Dışişleri Bakanı Hakan Fidan, Cumhurbaşkanlığı Külliyesi’nde 14’üncü Büyükelçiler Konferansı’nın açılışında konuştu. Bakan Fidan, konferansın ‘milli dış politika’ vizyonunu ele almak için fırsat olduğunu söyledi. Mevcut uluslararası sistemin dünyanın büyük bölümü için barış, istikrar ve adalet üretemediğini, gittikçe dengeden uzaklaşan uluslararası sistemin, öngörülemez pek çok gelişmeyi barındırdığını ve bu durumun kırılganlığı artırdığını belirtti.
‘MÜTEVAZI AMA İSTİKRARLI ADIMLARLA İLERLEYECEĞİZ’
Vizyonlarının, Türkiye’yi Türkiye Yüzyılı’nda sistem kurucu aktörlerden birisi haline getirmek olduğunu belirten Fidan, “Bu büyük hedefe, değişimi öngörerek ve şekillendirerek ulaşacağız. Biz, küresel adaletsizlikleri ortadan kaldıran, ekonomik eşitsizliklerin üzerine giden; barış, güvenlik, istikrar ve refah üreten, etkili, kapsayıcı ve insanlığı kucaklayıcı bir uluslararası sistemin kurulması için diğer ülkelerle birlikte çalışacağız.
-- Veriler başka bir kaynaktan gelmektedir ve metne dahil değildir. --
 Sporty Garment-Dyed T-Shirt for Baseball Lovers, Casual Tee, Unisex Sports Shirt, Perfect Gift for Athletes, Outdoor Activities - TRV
Büyük değişimlerin stratejik sabır ve güçlü irade gerektirdiği bilinciyle, mütevazı ama istikrarlı adımlarla ilerleyeceğiz. Bu adımlarımızı hayata geçirirken 4 temel stratejik hedef doğrultusunda hareket edeceğiz. Bunlar; bölgemizde barışı ve güvenliği tesis etme, dış ilişkilerimizi yapısal zemine oturtma, refah ortamını geliştirme ve küresel hedeflerimizi ilerletmedir” ifadelerini kullandı.
‘TERÖR ÖRGÜTLERİNE NEFES ALDIRMAYACAĞIZ’
Fidan, ilk hedefin barış ve güvenliği tesis etme bağlamında, çatışma alanlarının azaltılmasına yönelik tedbir ve girişimleri yoğunlaştırmak olduğunu belirterek, “Bölgemizde güvenlik, huzur ve istikrara en büyük tehdit, terör örgütleri ve diğer vekil örgütlerdir. Adı ister FETÖ, ister PKK/YPG, ister DEAŞ olsun, tüm ilgili kurumlarımızla birlikte terör örgütlerine ve arkalarındaki güçlere; ülkemizde ve bölgemizde göz de açtırmayacağız, alan da bırakmayacağız, nefes de aldırmayacağız. Bu doğrultuda içeride askeri, istihbari ve teknolojik kabiliyetlerimizi artırırken, dışarıda ise dostlarımızla etkin iş birliğini sağlayarak mücadelemizi sürdüreceğiz. Ukrayna savaşının sona erdirilmesi ve barışın tesisi için çaba göstermeye inatla ve ısrarla devam edeceğiz. Savaşta son dönemdeki tırmanmayı endişe verici buluyoruz. Montrö Sözleşmesi’nin uygulayıcısı olarak, özellikle Karadeniz’de sükunetin muhafaza edilmesi, bunu tehlikeye sokacak girişimlerin engellenmesi temel önceliğimiz olacaktır. Dünya üzerinde her haneye etki eden Karadeniz Tahıl Girişimi’nin yeniden canlandırılması için bütün taraflarla temaslarımızı sürdüreceğiz. Bunu yapabilen yegane aktör Türkiye’dir” diye konuştu.